You are viewing a plain text version of this content. The canonical link for it is here.
Posted to dev@spark.apache.org by Andrew Ash <an...@andrewash.com> on 2014/05/30 18:21:04 UTC
bin/spark-shell --jars option
Hi Spark users,
In past Spark releases I always had to add jars to multiple places when
using the spark-shell, and I'm looking to cut down on those. The --jars
option looks like it does what I want, but it doesn't work. I did a quick
experiment on latest branch-1.0 and found this:
*# 0) jar not added anywhere*
./bin/spark-shell --master spark://aash-mbp.local:7077
spark> import org.joda.time.DateTime
[fails -- expected because the .jar isn't anywhere]
*# 1) just --jars*
./bin/spark-shell --master spark://aash-mbp.local:7077 --jars
/tmp/joda-time-2.3.jar
spark> import org.joda.time.DateTime
[fails -- but might work on non-standalone clusters?]
*# 2) using --jars and sc.addJar()*
./bin/spark-shell --master spark://aash-mbp.local:7077 --jars
/tmp/joda-time-2.3.jar
spark> sc.addJar("/tmp/joda-time-2.3.jar")
spark> import org.joda.time.DateTime
[fails -- shouldn't sc.addJar() make imports possible?]
*# 3) just --driver-class-path*
./bin/spark-shell --master spark://aash-mbp.local:7077 --driver-class-path
/tmp/joda-time-2.3.jar
spark> import org.joda.time.DateTime
spark> new DateTime()
res0: org.joda.time.DateTime = 2014-05-29T11:10:56.745-07:00
spark> sc.parallelize(1 to 10).map(k => new DateTime()).collect
[fails -- expected because jar wasn't ever sent to executors, only driver]

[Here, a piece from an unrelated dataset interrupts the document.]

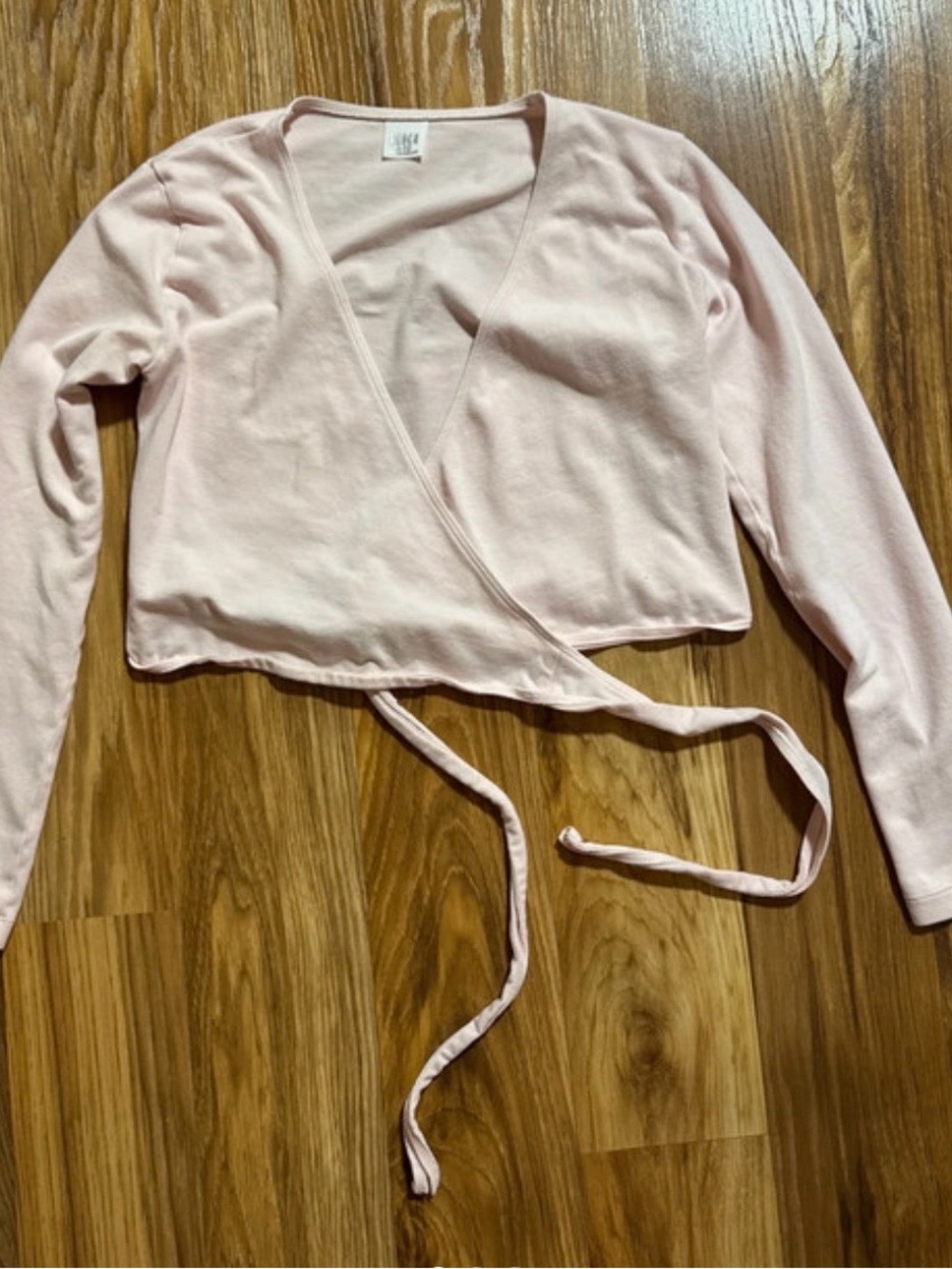 Girl’s Bloch Pink Wrap Top Shrug Medium 8-10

*# 4) using --driver-class-path and sc.addJar()*
./bin/spark-shell --master spark://aash-mbp.local:7077 --driver-class-path
/tmp/joda-time-2.3.jar
spark> import org.joda.time.DateTime
spark> sc.addJar("/tmp/joda-time-2.3.jar")
spark> new DateTime()
res0: org.joda.time.DateTime = 2014-05-29T11:10:56.745-07:00
spark> sc.parallelize(1 to 10).map(k => new DateTime()).collect
[success!]
Looking at the documentation for --jars, it looks like --jars doesn't work
with standalone in cluster deployment mode. Here are the relevant doc
entries:
--jars JARS A comma-separated list of local jars to
include on the
driver classpath and that SparkContext.addJar
will work
with. Doesn't work on standalone with
'cluster' deploy mode.
--driver-class-path Extra class path entries to pass to the
driver. Note that
jars added with --jars are automatically
included in the
classpath.
For the --jars comment about not working with standalone, is this something
that can be fixed to make the "1) just --jars" path above work? Or is
there some larger architecture reason that --jars can't work with
standalone mode?
Appreciate it!
Andrew